Method: In this follow-up study, the development of motor-verbal skills was studied in 220 normal readers in the first-grade after 1 year. We administered naming speed test and word and phrase repetition to assess motor-verbal skills. Data were analyzed by descriptive statistic and paired t-test.

Results: The mean of the 6 years old first-graders' speed naming was 87 words per 100 second. In addition, means and standard deviations of word and phrase repetition were 8.41(2.92) and 6.51(1.73) respectively. In addition,, paired t-test showed a significant difference between naming speed, word and phrase repetition first-grade and 5 years old children score(naming speed: t=10.95, p<0.001, word repetition: t= 14.23, p<0.001, phrase repetition: t=12.11, p<0.001) .

Conclusion: In general, 5 years old children's motor-verbal skills significantly improved after one year. Furthermore, the results of this study provide the norm for speech and language pathologists and other professionals. It is important to note that if 5 years old children's motor-verbal skills are under this norm, it will be anticipated that they are at the risk of literacy problem and dyslexia.

Key words: Child, Iran, Language, Motor skills, Preschool

Iran J Psychiatry 2009; 4:160-164

Children with speech and language difficulty often have literacy-problems. These include problems with reading comprehension, reading aloud, spelling and expressive writing. The reverse is also true. Children with literacy problems often have speech and language difficulties. These present as delayed speech and language development, persisting with articulation, word finding and grammar. Some studies have demonstrated that speech, language and literacy problems co-occur and they are more common in males (1).

On the other hand, a number of studies have also attempted to identify the predictors of literacy outcome in children with speech and language difficulties. These studies have had interesting but sometimes conflicting results. Some studies report that syntax performance is a particularly good predictor of literacy outcome (2,3), while others have emphasized aspects of speech production as being the strongest predictor (4,5). Indeed it is possible that normal speech production may compensate for other weaknesses.

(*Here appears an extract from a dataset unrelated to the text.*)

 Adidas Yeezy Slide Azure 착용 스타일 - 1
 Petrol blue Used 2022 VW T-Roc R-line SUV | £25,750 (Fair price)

Before learning to read and spell, children have already established a speech processing system to deal with their spoken language. This system is also the foundation for their written language development.

Speech processing system includes semantic representation, phonological representation, motor program, grammatical representation and orthographical representation. Children with speech difficulties have one or more problems in the speech processing system. In order to produce a word, the child needs to have the components of the word assembled into the correct sequence. This motor program is a set of instructions for the pronunciation of the word sent to the mouth. Assembling new motor program is particularly difficult for children (1).

Studies which given a range of speech tasks to children with speech and literacy problems have revealed that different profiles of performance on the tasks reflect different levels of breakdown in speech processing.

Stackhouse and snowling (1992b) presented tasks of single-word naming and repetition, and non word repetition. Thus, it seems that motor-verbal skills are very important in acquiring speech and literacy; and deficiency in these skills will lead to speech and literacy problems. …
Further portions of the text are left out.